=== Goal of the exercise ===
Repeat the data exactly, with every line included.

Segment Start: Information given

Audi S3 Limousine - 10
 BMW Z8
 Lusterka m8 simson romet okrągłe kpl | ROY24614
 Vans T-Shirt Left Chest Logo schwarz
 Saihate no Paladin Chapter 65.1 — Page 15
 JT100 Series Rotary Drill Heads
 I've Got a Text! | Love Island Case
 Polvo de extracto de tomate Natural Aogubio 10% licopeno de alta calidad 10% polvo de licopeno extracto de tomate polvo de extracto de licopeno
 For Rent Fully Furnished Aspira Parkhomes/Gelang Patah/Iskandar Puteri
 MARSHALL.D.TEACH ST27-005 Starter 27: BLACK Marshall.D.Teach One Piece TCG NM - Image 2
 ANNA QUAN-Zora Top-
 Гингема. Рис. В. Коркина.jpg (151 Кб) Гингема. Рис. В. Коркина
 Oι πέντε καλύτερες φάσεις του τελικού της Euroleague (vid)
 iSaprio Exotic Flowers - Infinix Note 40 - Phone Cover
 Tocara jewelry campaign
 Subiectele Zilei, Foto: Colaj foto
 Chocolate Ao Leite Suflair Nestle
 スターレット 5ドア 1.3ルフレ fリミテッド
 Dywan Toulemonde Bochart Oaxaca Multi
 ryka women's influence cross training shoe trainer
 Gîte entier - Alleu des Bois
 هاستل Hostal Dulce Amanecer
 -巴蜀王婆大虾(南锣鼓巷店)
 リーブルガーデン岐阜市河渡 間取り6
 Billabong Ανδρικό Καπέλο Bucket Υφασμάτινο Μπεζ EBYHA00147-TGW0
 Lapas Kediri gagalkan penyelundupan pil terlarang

Segment End: Information given

=== Response to the exercise ===
Audi S3 Limousine - 10
 BMW Z8
 Lusterka m8 simson romet okrągłe kpl | ROY24614
 Vans T-Shirt Left Chest Logo schwarz
 Saihate no Paladin Chapter 65.1 — Page 15
 JT100 Series Rotary Drill Heads
 I've Got a Text! | Love Island Case
 Polvo de extracto de tomate Natural Aogubio 10% licopeno de alta calidad 10% polvo de licopeno extracto de tomate polvo de extracto de licopeno
 For Rent Fully Furnished Aspira Parkhomes/Gelang Patah/Iskandar Puteri
 MARSHALL.D.TEACH ST27-005 Starter 27: BLACK Marshall.D.Teach One Piece TCG NM - Image 2
 ANNA QUAN-Zora Top-
 Гингема. Рис. В. Коркина.jpg (151 Кб) Гингема. Рис. В. Коркина
 Oι πέντε καλύτερες φάσεις του τελικού της Euroleague (vid)
 iSaprio Exotic Flowers - Infinix Note 40 - Phone Cover
 Tocara jewelry campaign
 Subiectele Zilei, Foto: Colaj foto
 Chocolate Ao Leite Suflair Nestle
 スターレット 5ドア 1.3ルフレ fリミテッド
 Dywan Toulemonde Bochart Oaxaca Multi
 ryka women's influence cross training shoe trainer
 Gîte entier - Alleu des Bois
 هاستل Hostal Dulce Amanecer
 -巴蜀王婆大虾(南锣鼓巷店)
 リーブルガーデン岐阜市河渡 間取り6
 Billabong Ανδρικό Καπέλο Bucket Υφασμάτινο Μπεζ EBYHA00147-TGW0
 Lapas Kediri gagalkan penyelundupan pil terlarang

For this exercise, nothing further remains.